2007 GSA Denver Annual Meeting (28–31 October 2007)

Paper No. 7
Presentation Time: 10:05 AM


SARNA-WOJCICKI, Andrei M., U.S. Geol Survey, 345 Middlefield Road, Menlo Park, CA 94025, asarna@usgs.gov

Improvements in chemical analytical techniques in the last ~50 years make it possible to analyze volcanic ash layers with great precision, and to develop compositional criteria by which these layers can be identified and correlated. Concurrent developments in isotopic and other numerical dating methods have taken place during about the same time. Together, these developments have made it possible to develop a spatial and temporal tephrochronological reference framework for late Cenozoic sediments and rocks of North America that can be integrated with other chronologic and stratigraphic techniques (for example, magnetostratigraphy, marine oxygen isotope stratigraphy), and thus provide robust age and stratigraphic control for numerous earth-science studies.

The most ubiquitous material in tephra, volcanic glass, generally provides the most definitive chemical characterization of individual tephra layers. Six laboratories in North America routinely provide analytical services for tephra identification by this method.

Problems in identification of tephra exist when tephra is altered. Richard L. Hay was one of the first to developed ways in which the problem could be resolved using stratigraphic, petrographic and chemical techniques (e.g., his study of Olduvai Gorge, Tanzania). His work has stimulated the development of new techniques to study altered tephra.
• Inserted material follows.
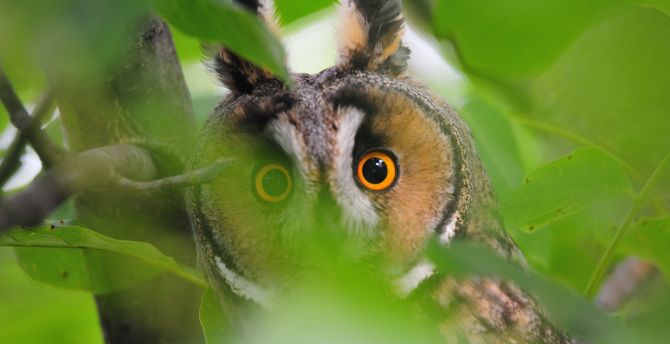 Owl and leaves, predator, muzzle wallpaper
Another problem in tephrochronology that needs to be resolved is the characterization of chemically similar suites of tephra erupted from the same volcanic sources (such as the Mono Craters in California). These problems are being resolved in part by application of new analytical techniques, such as the ion microprobe and ICP-MS.

Perhaps the greatest problem facing tephrochronology in the U.S. is the current funding climate. Budgetary constraints are threatening the survival of tephrochronology laboratories in earth science institutions. Preservation and exchange of tephrochronological data and its accessibility may also be in jeopardy. Loss of these capabilities and data would not only be a major setback for the advancement of earth science but would also pose major problems for agencies and institutions seeking to address critical societal issues such as geologic hazards mitigation, natural resource management, and global climate change.